Imagine that you are a statistician or data scientist working as an independent
contractor. One of your clients is a company that owns many residential buildings 
throughout New York City. The property manager explains that they are concerned about the number
of cockroach complaints that they receive from their buildings. Previously
the company has offered monthly visits from a pest inspector as a solution to
this problem. While this is the default solution of many property managers in
NYC, the tenants are rarely home when the inspector visits, and so the manager
reasons that this is a relatively expensive solution that is currently not very
effective.

One alternative to this problem is to deploy long term bait stations. In this
alternative, child and pet safe bait stations are installed throughout the
apartment building. Cockroaches obtain quick acting poison from these stations
and distribute it throughout the colony.
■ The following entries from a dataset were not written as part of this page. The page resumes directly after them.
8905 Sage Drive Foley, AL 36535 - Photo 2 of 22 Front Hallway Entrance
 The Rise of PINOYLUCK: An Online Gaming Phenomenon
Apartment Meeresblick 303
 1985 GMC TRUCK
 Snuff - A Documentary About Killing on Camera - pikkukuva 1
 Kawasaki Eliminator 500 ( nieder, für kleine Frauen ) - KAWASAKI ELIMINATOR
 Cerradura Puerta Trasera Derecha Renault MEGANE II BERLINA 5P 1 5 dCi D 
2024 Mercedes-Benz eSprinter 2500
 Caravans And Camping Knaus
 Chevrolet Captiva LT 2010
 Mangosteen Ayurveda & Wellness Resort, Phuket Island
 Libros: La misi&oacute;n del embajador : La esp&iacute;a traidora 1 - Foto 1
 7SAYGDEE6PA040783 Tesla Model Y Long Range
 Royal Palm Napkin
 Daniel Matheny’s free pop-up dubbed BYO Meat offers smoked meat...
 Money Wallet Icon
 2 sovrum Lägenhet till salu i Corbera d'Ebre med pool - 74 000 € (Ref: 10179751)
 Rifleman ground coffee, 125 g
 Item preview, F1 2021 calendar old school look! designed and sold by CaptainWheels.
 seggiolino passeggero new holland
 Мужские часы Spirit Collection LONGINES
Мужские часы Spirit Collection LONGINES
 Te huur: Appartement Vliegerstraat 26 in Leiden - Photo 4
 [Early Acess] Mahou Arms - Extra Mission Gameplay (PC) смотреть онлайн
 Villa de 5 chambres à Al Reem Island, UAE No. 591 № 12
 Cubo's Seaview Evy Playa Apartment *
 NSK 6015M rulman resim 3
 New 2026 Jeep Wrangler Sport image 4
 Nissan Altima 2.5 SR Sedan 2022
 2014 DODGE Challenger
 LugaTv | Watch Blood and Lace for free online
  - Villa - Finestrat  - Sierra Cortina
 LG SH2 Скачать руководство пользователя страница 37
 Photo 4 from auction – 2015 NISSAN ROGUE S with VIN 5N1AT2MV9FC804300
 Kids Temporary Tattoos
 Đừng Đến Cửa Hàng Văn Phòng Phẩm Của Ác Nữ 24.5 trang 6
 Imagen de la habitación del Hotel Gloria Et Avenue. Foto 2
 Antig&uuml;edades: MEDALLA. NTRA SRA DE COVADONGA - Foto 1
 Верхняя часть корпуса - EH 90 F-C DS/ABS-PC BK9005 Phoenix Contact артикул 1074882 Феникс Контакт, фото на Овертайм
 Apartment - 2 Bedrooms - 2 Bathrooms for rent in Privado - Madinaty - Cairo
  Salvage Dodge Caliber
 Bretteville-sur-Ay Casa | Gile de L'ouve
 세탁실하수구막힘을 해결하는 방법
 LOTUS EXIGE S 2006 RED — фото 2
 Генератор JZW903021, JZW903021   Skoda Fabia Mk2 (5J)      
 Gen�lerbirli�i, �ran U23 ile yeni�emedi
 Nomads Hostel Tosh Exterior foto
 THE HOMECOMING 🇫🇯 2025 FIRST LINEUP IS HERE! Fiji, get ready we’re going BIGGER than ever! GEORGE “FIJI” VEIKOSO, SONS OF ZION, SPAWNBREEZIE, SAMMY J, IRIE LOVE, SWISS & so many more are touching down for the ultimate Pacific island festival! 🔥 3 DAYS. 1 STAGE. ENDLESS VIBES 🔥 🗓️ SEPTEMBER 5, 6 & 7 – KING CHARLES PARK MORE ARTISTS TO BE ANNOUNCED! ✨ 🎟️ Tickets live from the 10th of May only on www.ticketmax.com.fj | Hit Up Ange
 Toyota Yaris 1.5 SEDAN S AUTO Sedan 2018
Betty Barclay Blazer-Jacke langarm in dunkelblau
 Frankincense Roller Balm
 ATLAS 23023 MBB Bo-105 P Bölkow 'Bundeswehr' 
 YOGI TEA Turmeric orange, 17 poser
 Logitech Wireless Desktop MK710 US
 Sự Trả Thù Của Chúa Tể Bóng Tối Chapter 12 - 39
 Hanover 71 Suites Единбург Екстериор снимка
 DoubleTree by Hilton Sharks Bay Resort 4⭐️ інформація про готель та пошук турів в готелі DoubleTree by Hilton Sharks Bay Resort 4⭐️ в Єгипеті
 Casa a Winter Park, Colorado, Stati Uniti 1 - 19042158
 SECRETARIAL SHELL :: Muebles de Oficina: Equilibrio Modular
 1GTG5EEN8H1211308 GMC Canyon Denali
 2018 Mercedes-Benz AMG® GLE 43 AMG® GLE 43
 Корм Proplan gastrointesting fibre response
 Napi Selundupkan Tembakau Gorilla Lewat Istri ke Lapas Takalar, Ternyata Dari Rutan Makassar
The manufacturer of these bait stations
provides some indication of the space-to-bait efficacy, but the manager suspects
that this guidance was not calculated with NYC roaches in mind. NYC roaches, the
manager rationalizes, have more hustle than traditional roaches; and NYC
buildings are built differently than other common residential buildings in the
US. This is particularly important as the uni§t cost for each bait station per
year is quite high.

### The goal

The manager wishes to employ your services to help them to find the optimal
number of roach bait stations they should place in each of their buildings in
order to minimize the number of cockroach complaints while also keeping
expenditure on pest control affordable. 

A subset of the company's buildings have been randomly selected for an experiment: 

* At the beginning of each month, a pest inspector randomly places a number of
bait stations throughout the building, without knowledge of the current
cockroach levels in the building
* At the end of the month, the manager records
the total number of cockroach complaints in that building. 
* The manager would like to determine the optimal number of traps ($\textrm{traps}$) that
balances the lost revenue ($R$) that complaints ($\textrm{complaints}$) generate
with the all-in cost of maintaining the traps ($\textrm{TC}$). 

Fortunately, Bayesian data analysis provides a coherent framework for us to tackle this problem.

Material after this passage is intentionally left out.